Governing effect of regulatory proteins for Cl-/HCO3- exchanger 2 activity
- Authors
- Jeong, Yon Soo; Hong, Jeong Hee
- Issue Date
- 2016
- Publisher
- TAYLOR & FRANCIS INC
- Keywords
- anion exchanger 2; carbonic anhydrase XII; fluid secretion; IRBIT; SPAK; spinophilin
- Citation
- CHANNELS, v.10, no.3, pp.214 - 224
- Journal Title
- CHANNELS
- Volume
- 10
- Number
- 3
- Start Page
- 214
- End Page
- 224
- URI
- https://scholarworks.bwise.kr/gachon/handle/2020.sw.gachon/9717
- DOI
- 10.1080/19336950.2015.1134068
- ISSN
- 1933-6950
- Abstract
- Anion exchanger 2 (AE2) has a critical role in epithelial cells and is involved in the ionic homeostasis such as Cl- uptake and HCO3- secretion. However, little is known about the regulatory mechanism of AE2. The main goal of the present study was to investigate potential regulators, such as spinophilin (SPL), inositol-1,4,5-trisphosphate [IP3] receptors binding protein released with IP3 (IRBIT), STE20/SPS1-related proline/alanine-rich kinase (SPAK) kinase, and carbonic anhydrase XII (CA XII). We found that SPL binds to AE2 and markedly increased the Cl-/HCO3- exchange activity of AE2. Especially SPL 1-480 domain is required for enhancing AE2 activity.

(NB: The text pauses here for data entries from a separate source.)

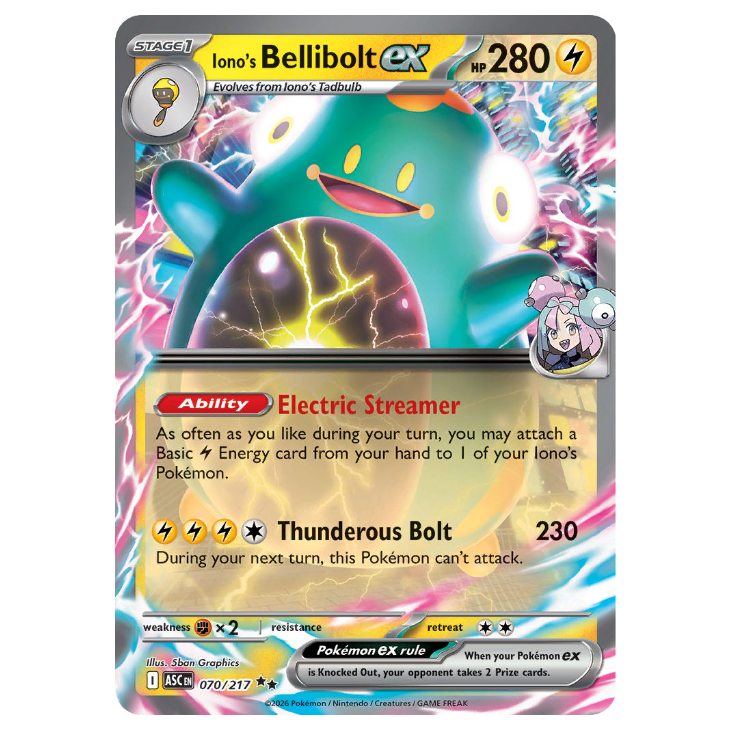 Iono's Bellibolt ex - Ascended Heroes - 070/217 - Double Rare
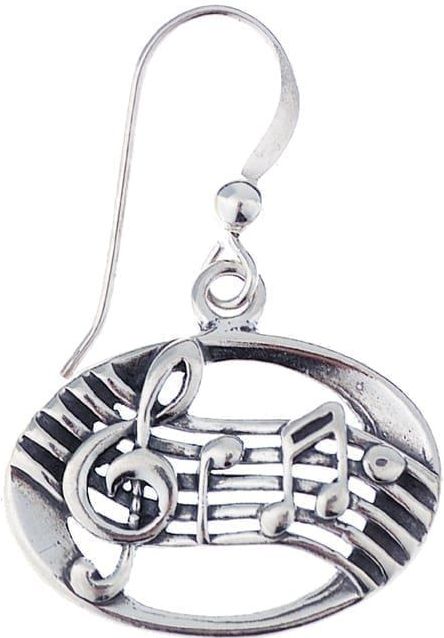 Zilver - Oorbellen Muziekbalk - Zilver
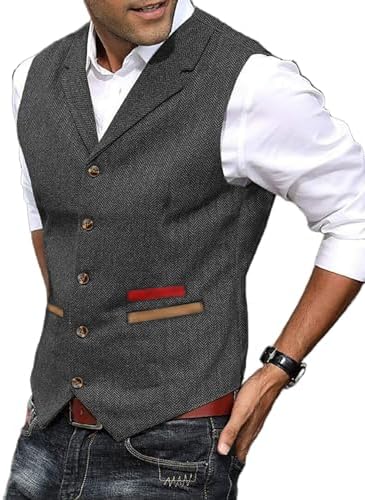 Men's Textured Tweed Waistcoat with Notched Lapels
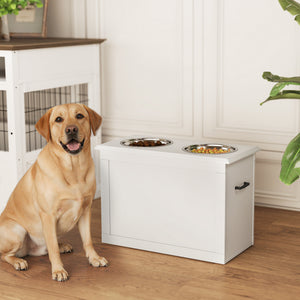 Large Elevated Pet Feeder with Storage Dog Pet Diner Function 2 Stainless Steel Dog Bowls Elevated Base for Large Dogs and Other Large Pet, White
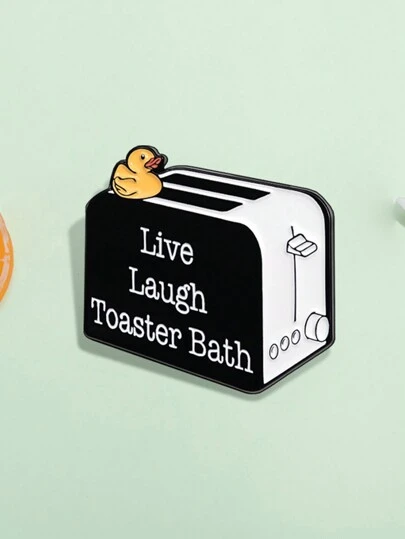 1pc Cute Duck Bread Maker Enamel Pins Custom Live Laugh Toaster Bath Brooches Lapel Badges Funny Jewelry Gift For Friends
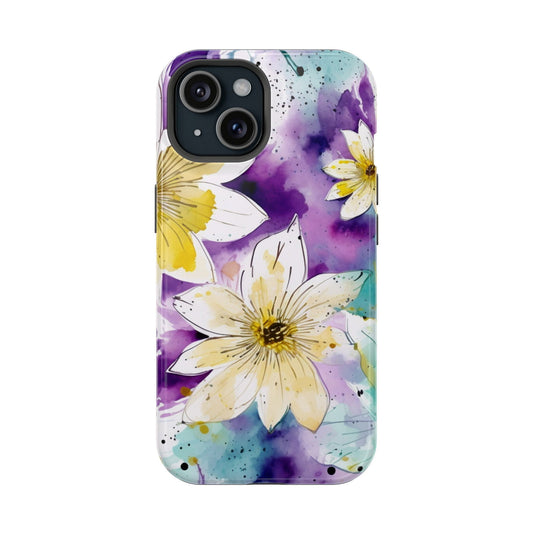 Vibrant Watercolor Floral iPhone Case Magnetic iPhone Case - Artistic & Colorful Protection for Your Device - Techy Treasures -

For other regulatory components that affect the fidelity of fluid and HCO3- secretion, IRBIT and SPAK had no effect on the activity of AE2 and no protein-protein interaction with AE2. It has been proposed that CA activity is closely associated with AE activity. In this study, we provide evidence that the basolateral membrane-associated CA isoform CA XII significantly increased the activity of AE2 and co-localized with AE2 to the plasma membrane. Collectively, SPL and CA XII enhanced the Cl-/HCO3- exchange activity of AE2. The modulating action of these regulatory proteins could serve as potential therapeutic targets for secretory diseases mediated by AE2.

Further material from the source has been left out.